A practical coaching breakdown for your next practice.

By Coach Lee DeForest · Published June 29, 2026 · 11 min read
Basketball Training: Shooting at Game Speed

Basketball Training: Shooting at Game Speed

Most players shoot thousands of reps and never get better. The reason is almost always the same: their training does not look anything like a real game. Here is how to fix that.

Why Game Speed Training Changes Everything

There is a gap between the gym and the game that most shooting workouts never close. A player can make 80 percent of their shots in isolation, standing still, fresh, with no defense — and then go 3-for-12 in the first half because nothing in practice looked like what the game presented.

The principle behind game-speed training is simple: practice must create the same demands the game creates. That means movement before the catch, a defender closing out, a clock ticking, and a score being kept. When Kevin Eastman talks about "game shots, game spots, game speed," he is describing exactly this alignment between training environment and competitive environment.

The brain and body learn what they repeatedly experience. A player who spends hours standing at the wing catching stationary passes trains themselves to be a stationary catcher. A player who catches off cuts, screens, and drive-and-kick reads — and trains those catches under time pressure with a score posted — develops the actual skill the game demands. The gap between those two players widens every practice.

Game-speed training does not mean sloppy training. Jay Wright at Villanova built one of the great offensive programs in college basketball history on a single principle: "Sloppy drills create bad habits." The speed is real, but the execution standard is non-negotiable. Run fewer drills at full discipline rather than more drills carelessly. That combination — genuine competitive pressure plus locked-in form — is where shooting actually improves.

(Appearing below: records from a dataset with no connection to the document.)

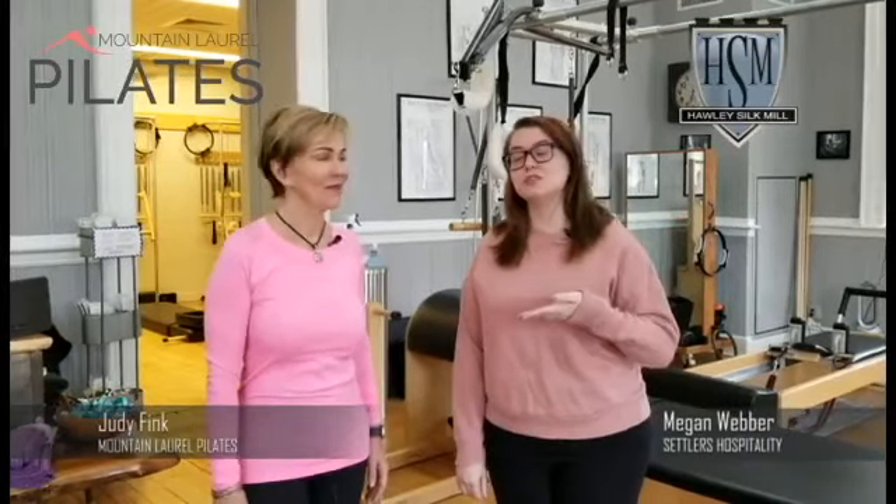Hey everyone, this is Megan and I'm here at the Holly Silk Mill again, this time with Judy at Mount Laurel Pilates. Why don't you tell us a little bit about Pilates and how great it is?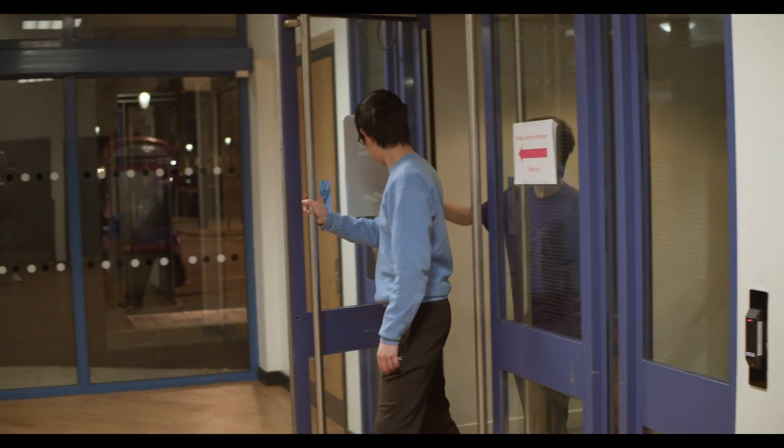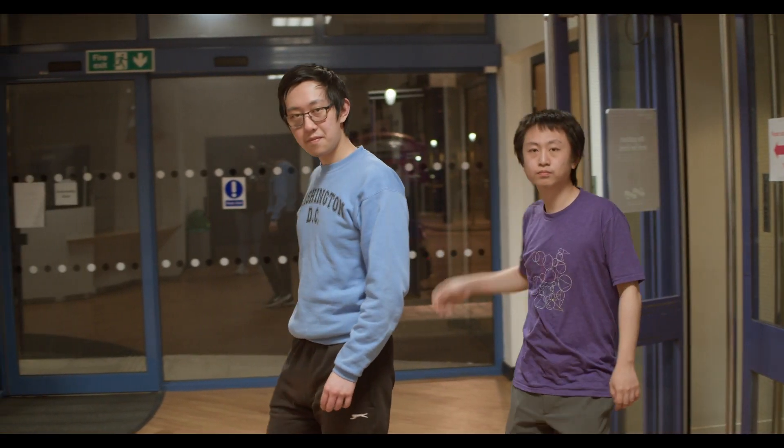If for any reason you're unable to come to the labs, you can use the SSH services to access the lab machines remotely, which gives you the same access as you would physically, except for graphics software. This has been the Huxley lab tour. We hope to see you here. Thank you.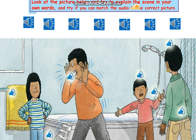Now, this time I want you to look at the picture below and try to explain the scene in your own words, and try if you can match the audio with the correct picture. Is it easy? Yes, you can do it!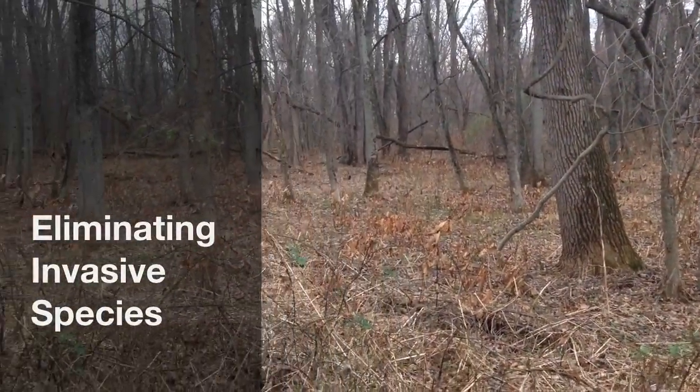Invasive species are a major issue in the field of conservation. They overcrowd and strangle native plants until they have taken over an entire area.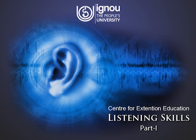Conversation 3: Hello, how can I help you? Well, I am looking for a laptop computer. Do you have the latest models? Oh yes, indeed. This way please. All the latest laptops are in this section.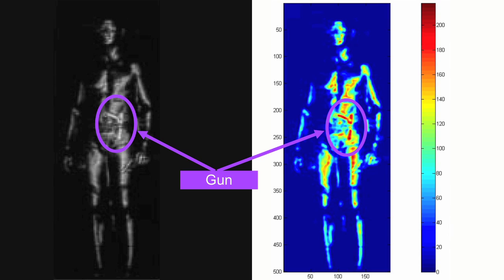Millimeter waves are non-ionizing — there's no particular health risks there — but it's a little slower and the resolution isn't as good. So we're working to both improve resolution, that is get higher quality images of body shape, but supplement it perhaps with x-ray.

Build Form First, Then Add Speed

Before you can train at game speed, you need a shot worth training. The sequence matters: form without the ball, form to a wall, form to the rim, then add movement and pressure. Skipping steps early does not save time — it locks in errors that become exponentially harder to fix at higher speeds.

The building blocks are well-established across elite coaches. Balanced stance. The guide hand under the ball like a "pizza waiter" carrying a tray. Elbow under the ball and aligned over the shooting knee. Follow-through high and held — fingers pointing down toward the rim, the "cookie jar" finish — until the ball lands. These are not stylistic preferences. They are the mechanical prerequisites for a consistent release.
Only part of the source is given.